Best for: developers comfortable with terminals, who want the best open-source quality available right now and have an RTX 3070 or better.

3. IndexTTS-2

Strong on Asian languages (Mandarin, Japanese, Korean). Slightly behind F5-TTS on English but ahead on the languages it specialises in. Worth knowing about if your audience is in Asia or you need to clone non-English voices well.

4. Chatterbox

Currently topping the Hugging Face Spaces trending list. Friendly web UI, easy to demo. Quality is a step below F5-TTS but the developer experience is genuinely the smoothest of the open-source options. Good "show your friend AI voice cloning in 60 seconds" tool.

5. CosyVoice 2

Alibaba's open-source TTS, 0.5B parameters, surprisingly strong on emotional control — the one feature where ElevenLabs has been clearly ahead. Multilingual, runs reasonably on consumer hardware. Documentation is thinner than the alternatives.

Cost comparison: realistic monthly usage

Let's do the math for two real scenarios.

Hobbyist podcaster, 4 episodes per month, 30 minutes each: roughly 30,000 words per month, or 180,000 characters. ElevenLabs: Creator plan at $22/month gets you to 100,000 characters, you'd need to pay overage or upgrade to Pro at $99/month. Local: free.

Indie game developer, 8 hours of NPC voice lines per month: roughly 80,000 words, or 480,000 characters. ElevenLabs: Pro plan at $99/month covers it but you're constantly watching the meter.
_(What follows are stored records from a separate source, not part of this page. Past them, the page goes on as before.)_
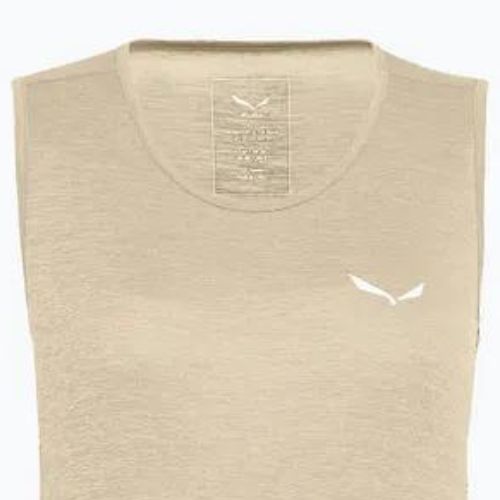 Moteriški trekingo marškinėliai Salewa Puez Graphic Dry Tank beige 00-0000027482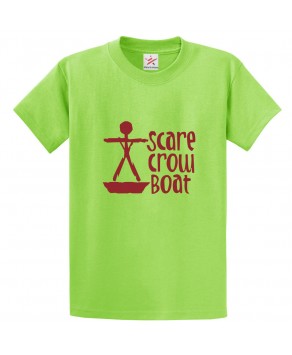 Scare Crow Boat Classic Unisex Kids and Adults T-Shirt for Recreation Park Fans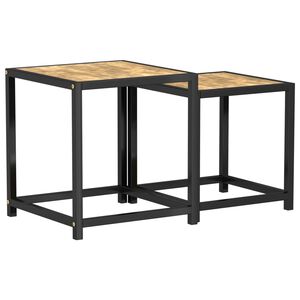 vidaXL Tavolini 2 pz in MDF Neri e Gialli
Local: free, plus you can iterate on voice direction without bleeding credits.

Audiobook narrator, 1 book per month (~80,000 words): 480,000 characters per month. ElevenLabs: Pro plan, $99/month. Local: free, and you can re-render until it's right.

The break-even point depends entirely on whether your time-saving from ElevenLabs' speed and quality outweighs the subscription. For most creators producing more than ~50,000 characters per month, the answer is no.

What about quality? Honest take.

ElevenLabs V3 still wins on absolute peak quality, especially for emotional delivery and very short clips. The gap to F5-TTS is small. The gap to XTTS v2 is noticeable but not large. For long-form narration where prosody matters more than per-word polish, the open-source options are genuinely competitive.

If you blind-tested a five-minute audiobook chapter generated with V2 of XTTS against ElevenLabs Multilingual v2, most listeners couldn't reliably tell the difference. The differences become obvious when you push toward edge cases — emotional whispers, rapid laughter, very short ad reads.

What I'd actually do

If I were starting from scratch and had a Windows PC with any RTX card, I'd install RBS Voice Cloner V2 (or XTTS v2 directly if I'm a developer) and use it for everything I can. I'd keep the ElevenLabs free tier active for the occasional case where I genuinely need V3 quality or sub-second latency.

If I were running a business and ElevenLabs costs were creeping past $200/month, I'd seriously look at whether a one-time investment in a better GPU plus local tooling would pay back in 3-4 months.

If I were producing finished audio for a paying client, I'd still pay for ElevenLabs Pro or Scale and not worry about it. The price difference vanishes when you're billing the client.